**WHAT TO PRODUCE**
In your copy, each line below is repeated exactly and no image appears.

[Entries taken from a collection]
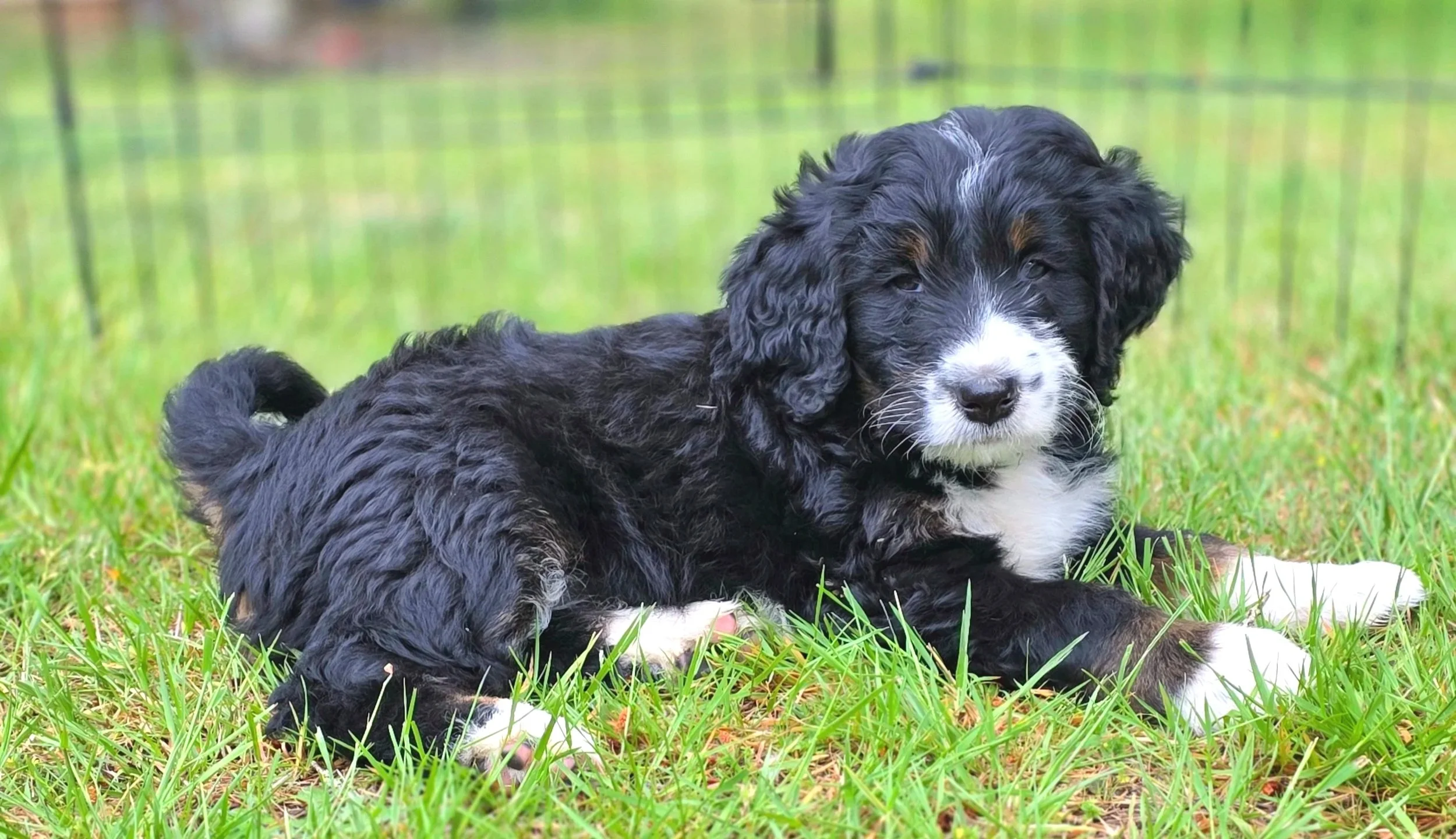 Daisy - Female - Reserved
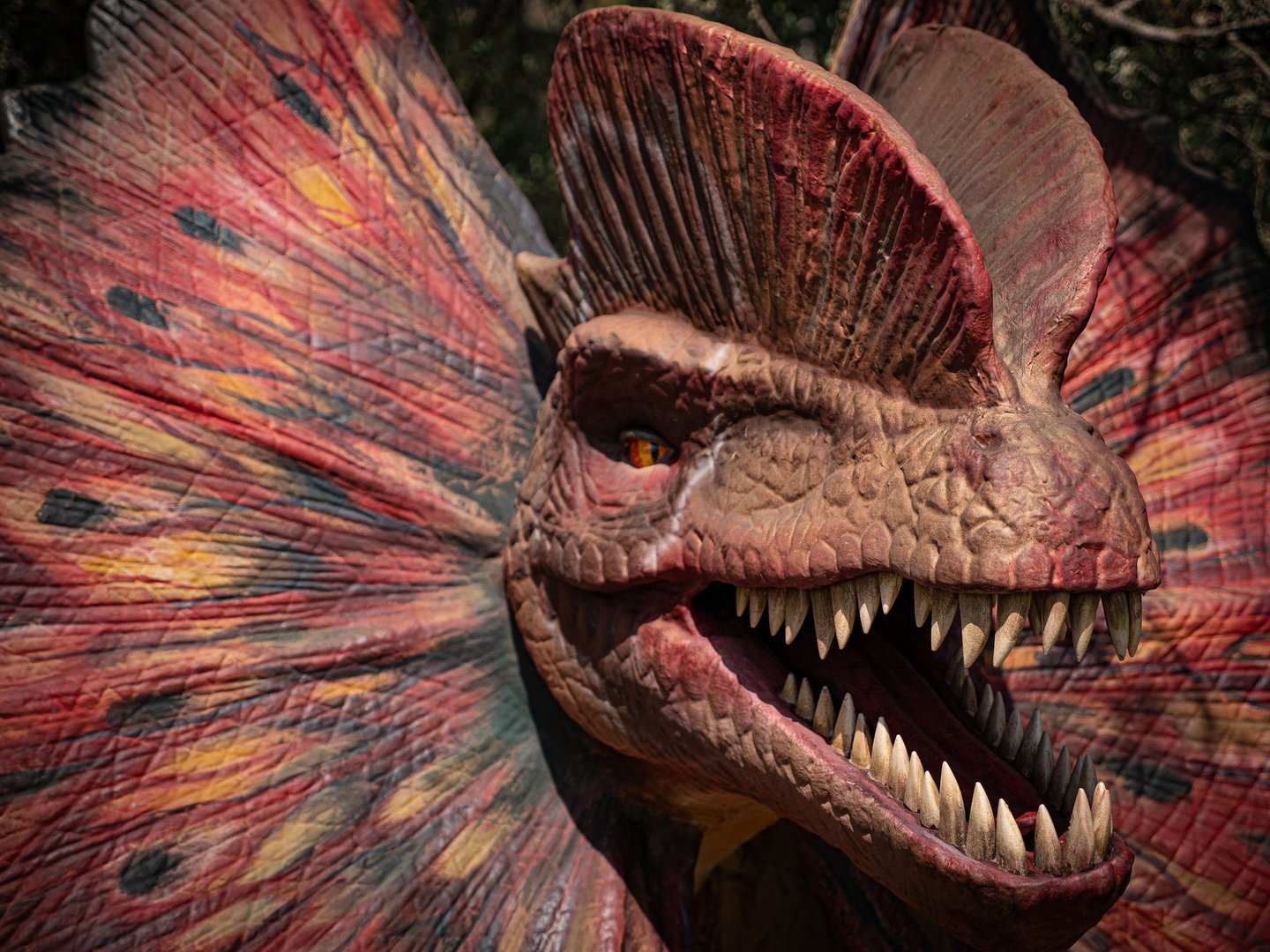 wütender Dinosaurier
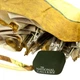 Парасоля Fulton National Gallery Tiny-2 L794 Sunflowers (L794-031889) - зображення 4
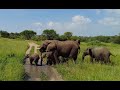 Tarangire National Park (Tanzania) - Elephant family taking a bath | DJI Pocket 2 | Raw | 4K 60FPS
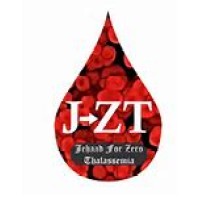 JZT Pakistan logo - Similar company to Mabeauty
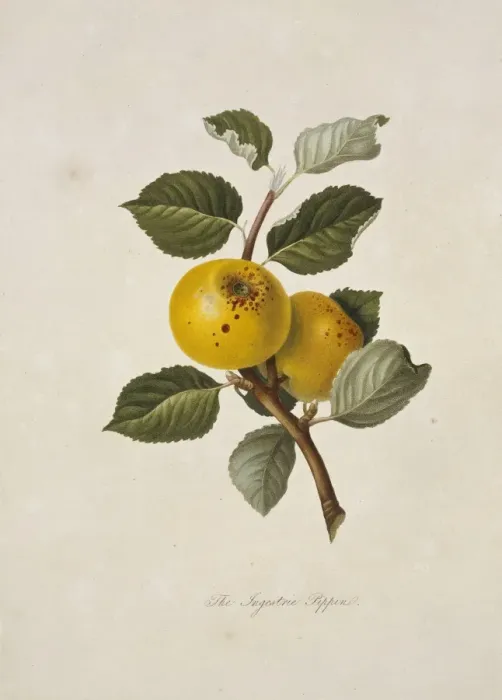 Framed Print : Yellow Ingestrie Pippin Apple Framed Print : Yellow Ingestrie Pippin Apple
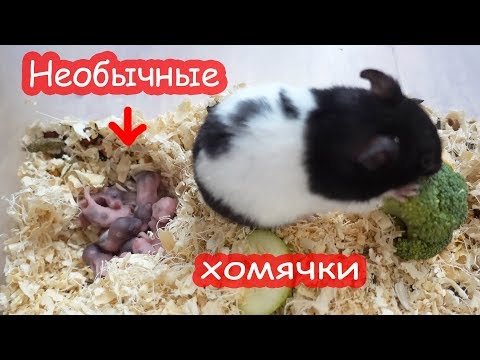 Видео: УХТЫ какой у них окрас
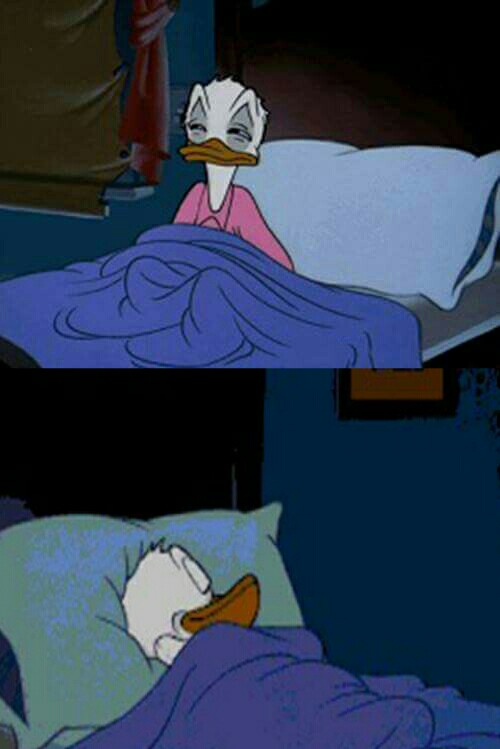 sleepy donald duck in bed Meme Preview Image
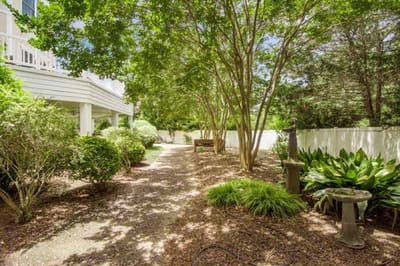 Lush outdoor garden space with trees and pathways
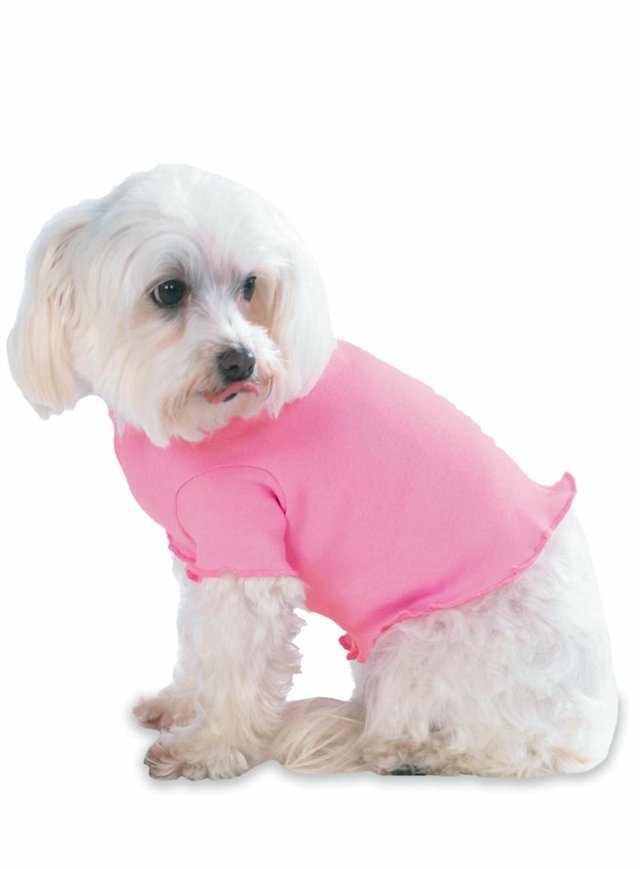 Hundtröja rosa färgpudel vita små hundraser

**SOLUTION FOR THIS TASK**
 Daisy - Female - Reserved
 wütender Dinosaurier
 Парасоля Fulton National Gallery Tiny-2 L794 Sunflowers (L794-031889) - зображення 4
 Tarangire National Park (Tanzania) - Elephant family taking a bath | DJI Pocket 2 | Raw | 4K 60FPS
 JZT Pakistan logo - Similar company to Mabeauty
 Framed Print : Yellow Ingestrie Pippin Apple Framed Print : Yellow Ingestrie Pippin Apple
 Видео: УХТЫ какой у них окрас
 sleepy donald duck in bed Meme Preview Image
 Lush outdoor garden space with trees and pathways
 Hundtröja rosa färgpudel vita små hundraser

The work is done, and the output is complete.